Just woke up, had to put the trash out.  Now I'm trying to keep busy so I won't stuff my fat face.  I have to go to the bank soon, so until then I will post some new pics for thinspo :)

thursday.

Today went really well, and I thought before I wasn't going to write my weight until I get down again, because its SO embarrassing.  But I don't know anyone on here so I might as well be honest.  I am at my highest weight ever and I completely hate myself for letting myself go this much.  I have always gone back and forth, but never this bad. I gave into eating whatever I want and just avoided reflective surfaces and would tell myself that i wasn't that bad.  But it is.  I am 40 pounds heavier than when I met my boyfriend, and even back then I was unhappy with my weight.  So, about a month ago I just couldn't take it anymore and I am back on track! :)  
Anyway, so my highest weight was 216. I hate typing that. grosssssss.  But as of today I am officially back under 200! :) 198 all day.  I was so happy I didn't even eat anything at all! :)  
Its so much easier when I am busy and I can put my mind to my tasks.  I like getting super involved at work and now I am cleaning up the house, which actually is super fun to me. 
I love how after you get a few new cleaning supplies you feel like you could clean every inch of  your house.  I usually get about 3/4 of the way through until I get distracted haha.  

I wish...









I wishhhh I could keep blogging and not have to go to work! :)

so. first post.

I don't really know why I am starting my own blog, I guess because I get a lot of inspiration from reading others posts. And, as I think I said in the description, I used to keep a handwritten journal, but it seems like I can't keep that secret, and I want a more generalized recollection........not just these pages and pages of self-loathing and food obsession.
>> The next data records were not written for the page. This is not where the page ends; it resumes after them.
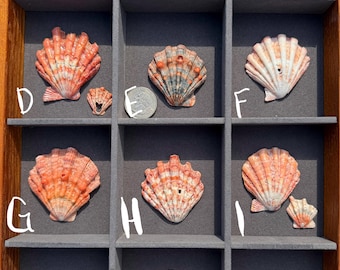 Conchas raras em formato de pata de leão (vendidas individualmente)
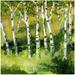 Trademark Fine Art Birch Trees Canvas Art by Michelle Calkins 24x24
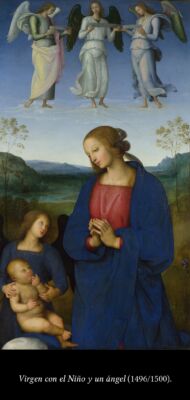 C6 Perugino 02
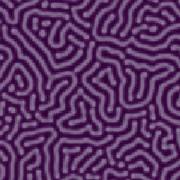 Diffusion Reaction Patterns Step By Step With Python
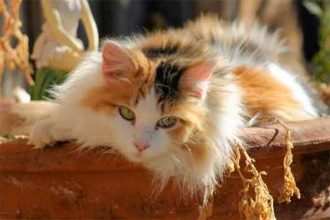 Cats Calico , 7 Awesome Calico Cat Pictures In Cat Category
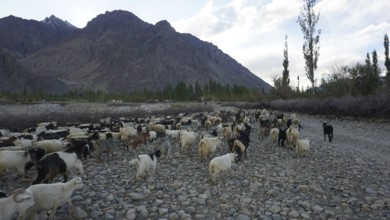 A large herd of goats (caprae) in the Nubra Valley moves along a stony path in the middle of a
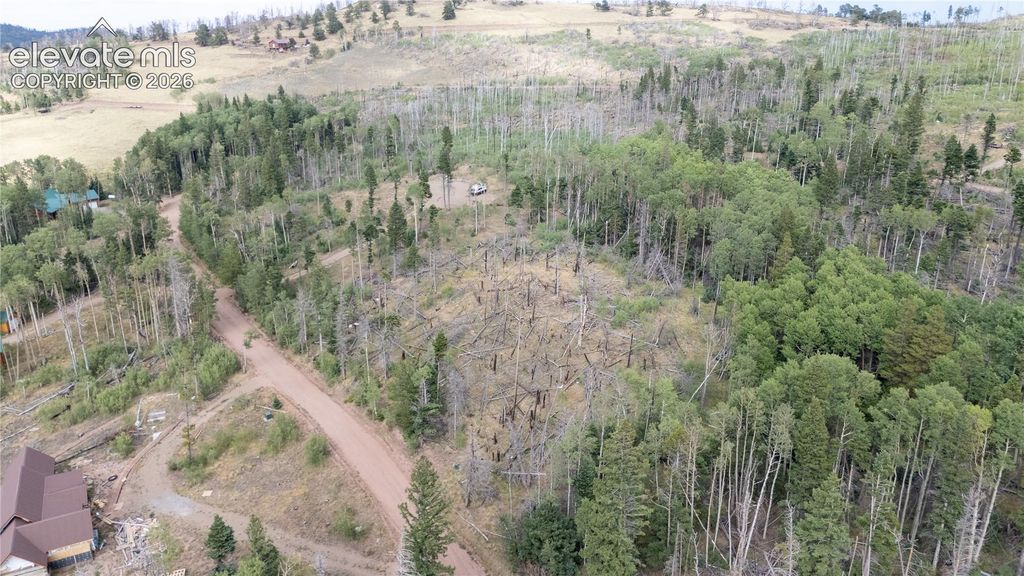 Lot 2571 Andes Loop, Fort Garland, CO 81133 — photo 2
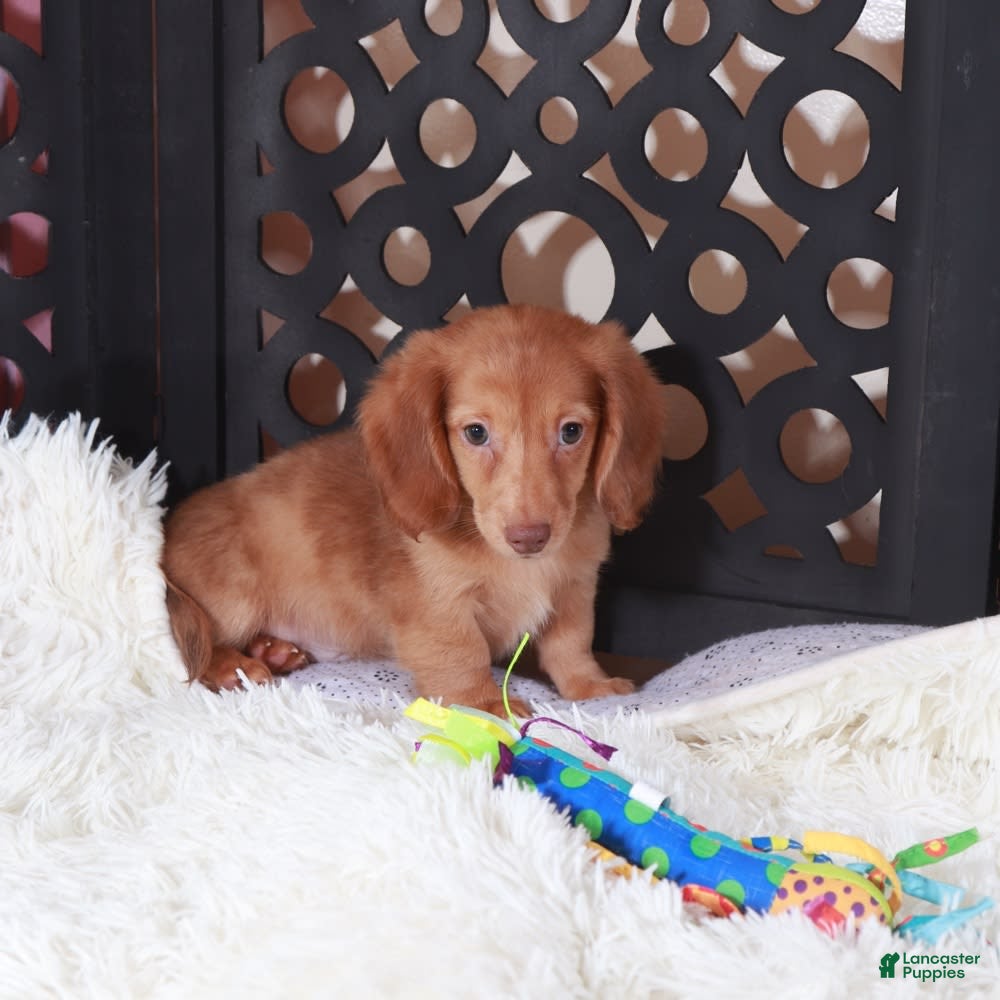 Short Hair Golden Dachshund Hot Cream Dachshund Short Hair Online Sale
Not that I'm not going to write about those things here probably. hah. Either way, I am EDNOS, and although I don't condone ed's, I am not going to stop restricting and all that. I let myself go and now I am more unhappy than I have ever been in my life.

More than that, I don't know. maybe its denial, but I don't think I have a disorder. I know when I look better, and I can feel all of this fat stuffed inside my skin. I am unhealthy and weighed down and I hate it. I lost my control and I need to get it back. I will get it back!